Download or read book Emerging Trends in Mechanical Engineering written by L. Vijayaraghavan and published by Springer Nature. This book was released on 2019-12-11 with total page 634 pages. Available in PDF, EPUB and Kindle. Book excerpt: This book comprises select proceedings of the International Conference on Emerging Trends in Mechanical Engineering (ICETME 2018). The book covers various topics of mechanical engineering like computational fluid dynamics, heat transfer, machine dynamics, tribology, and composite materials. In addition, relevant studies in the allied fields of manufacturing, industrial and production engineering are also covered. The applications of latest tools and techniques in the context of mechanical engineering problems are discussed in this book.

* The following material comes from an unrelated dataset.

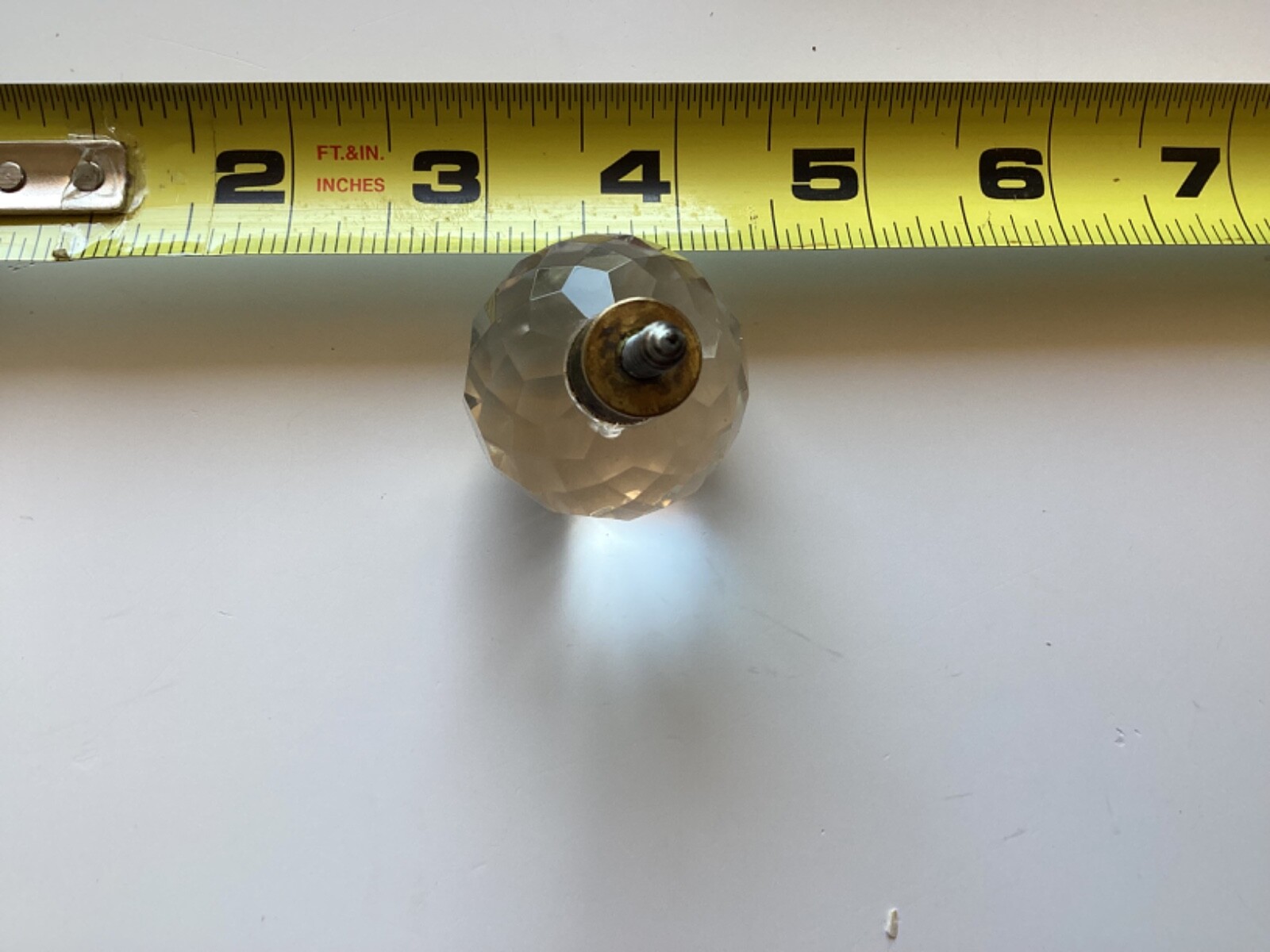 10 Vintage Acrylic Drawer Knobs Clear Faceted 1 3/8″ With Brass Seal and Screws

The contents of this book will be useful for students, researchers as well as industry professionals.
Download or read book Geometric and Numerical Foundations of Movements written by Jean-Paul Laumond and published by Springer. This book was released on 2017-05-02 with total page 417 pages. Available in PDF, EPUB and Kindle. Book excerpt: This book aims at gathering roboticists, control theorists, neuroscientists, and mathematicians, in order to promote a multidisciplinary research on movement analysis. It follows the workshop “ Geometric and Numerical Foundations of Movements ” held at LAAS-CNRS in Toulouse in November 2015[1]. Its objective is to lay the foundations for a mutual understanding that is essential for synergetic development in motion research. In particular, the book promotes applications to robotics --and control in general-- of new optimization techniques based on recent results from real algebraic geometry.